══ Data for this exercise

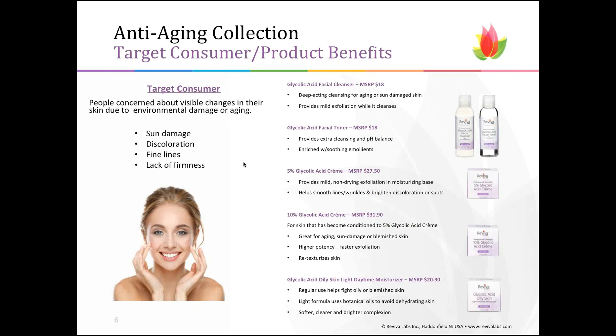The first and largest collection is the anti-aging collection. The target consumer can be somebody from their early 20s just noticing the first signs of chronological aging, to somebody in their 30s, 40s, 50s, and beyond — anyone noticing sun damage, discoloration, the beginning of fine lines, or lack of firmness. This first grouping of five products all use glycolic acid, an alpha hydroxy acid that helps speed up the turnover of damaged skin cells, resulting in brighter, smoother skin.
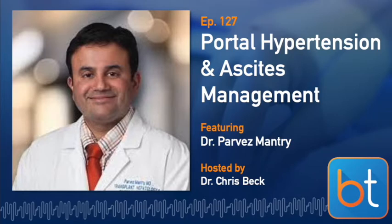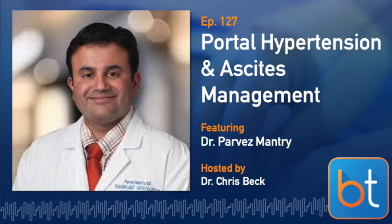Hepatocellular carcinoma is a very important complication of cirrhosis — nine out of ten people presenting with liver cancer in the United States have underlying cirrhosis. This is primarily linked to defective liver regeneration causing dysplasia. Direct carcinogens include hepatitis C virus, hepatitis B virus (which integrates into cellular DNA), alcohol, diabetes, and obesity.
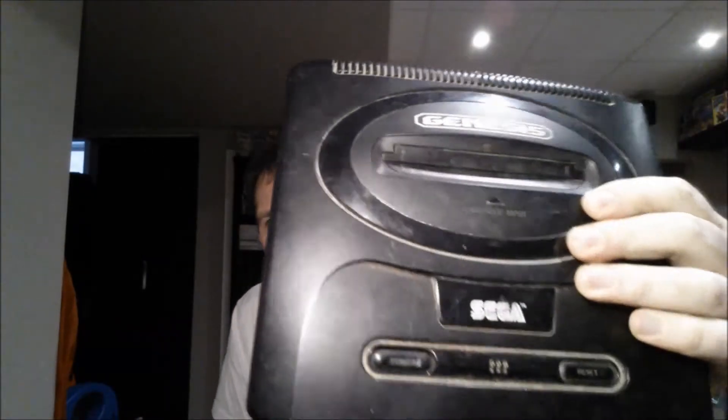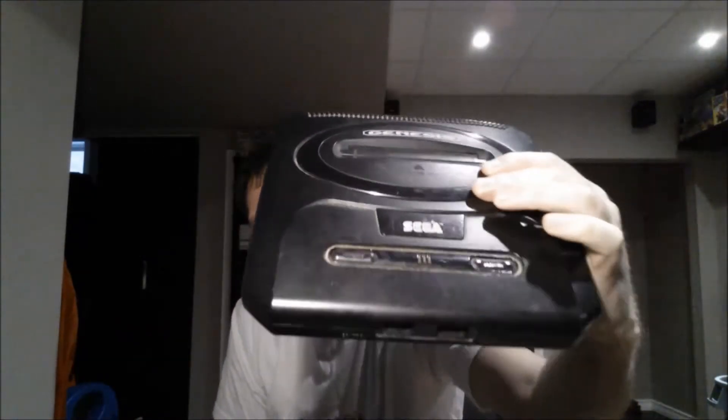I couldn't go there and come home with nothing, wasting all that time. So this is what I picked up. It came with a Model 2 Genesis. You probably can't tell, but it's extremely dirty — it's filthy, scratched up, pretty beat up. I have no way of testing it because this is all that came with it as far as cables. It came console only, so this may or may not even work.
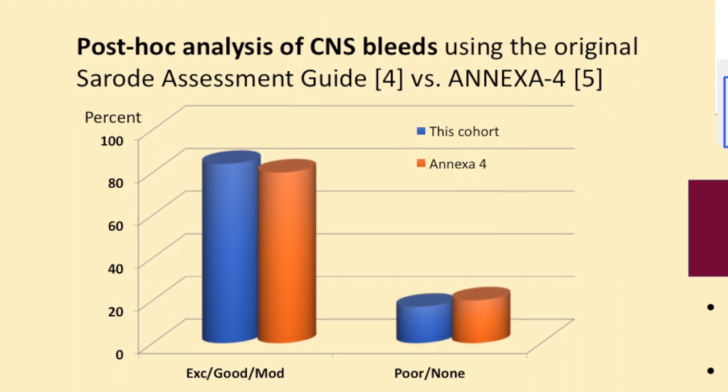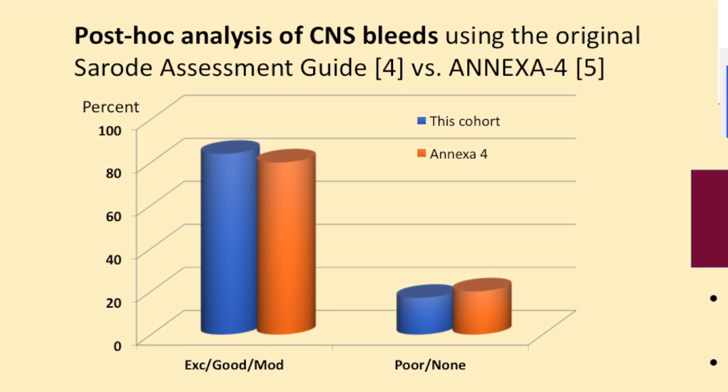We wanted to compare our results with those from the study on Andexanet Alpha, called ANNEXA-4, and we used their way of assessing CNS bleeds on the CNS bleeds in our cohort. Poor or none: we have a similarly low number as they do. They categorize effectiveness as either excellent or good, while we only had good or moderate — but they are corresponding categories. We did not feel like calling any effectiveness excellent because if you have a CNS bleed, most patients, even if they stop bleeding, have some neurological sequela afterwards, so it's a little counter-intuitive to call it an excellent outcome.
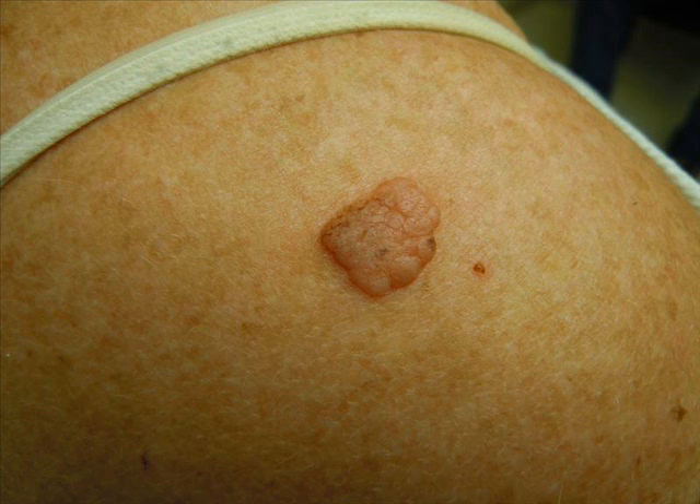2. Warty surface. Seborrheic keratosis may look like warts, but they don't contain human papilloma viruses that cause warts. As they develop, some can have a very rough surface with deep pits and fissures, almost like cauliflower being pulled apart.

════

_Task instructions:_ The listing above should be transcribed word for word, with its pictures left out.

_Answer to this task:_
The first and largest collection is the anti-aging collection. The target consumer can be somebody from their early 20s just noticing the first signs of chronological aging, to somebody in their 30s, 40s, 50s, and beyond — anyone noticing sun damage, discoloration, the beginning of fine lines, or lack of firmness. This first grouping of five products all use glycolic acid, an alpha hydroxy acid that helps speed up the turnover of damaged skin cells, resulting in brighter, smoother skin.
Hepatocellular carcinoma is a very important complication of cirrhosis — nine out of ten people presenting with liver cancer in the United States have underlying cirrhosis. This is primarily linked to defective liver regeneration causing dysplasia. Direct carcinogens include hepatitis C virus, hepatitis B virus (which integrates into cellular DNA), alcohol, diabetes, and obesity.
I couldn't go there and come home with nothing, wasting all that time. So this is what I picked up. It came with a Model 2 Genesis. You probably can't tell, but it's extremely dirty — it's filthy, scratched up, pretty beat up. I have no way of testing it because this is all that came with it as far as cables. It came console only, so this may or may not even work.
We wanted to compare our results with those from the study on Andexanet Alpha, called ANNEXA-4, and we used their way of assessing CNS bleeds on the CNS bleeds in our cohort. Poor or none: we have a similarly low number as they do. They categorize effectiveness as either excellent or good, while we only had good or moderate — but they are corresponding categories. We did not feel like calling any effectiveness excellent because if you have a CNS bleed, most patients, even if they stop bleeding, have some neurological sequela afterwards, so it's a little counter-intuitive to call it an excellent outcome.
2. Warty surface. Seborrheic keratosis may look like warts, but they don't contain human papilloma viruses that cause warts. As they develop, some can have a very rough surface with deep pits and fissures, almost like cauliflower being pulled apart.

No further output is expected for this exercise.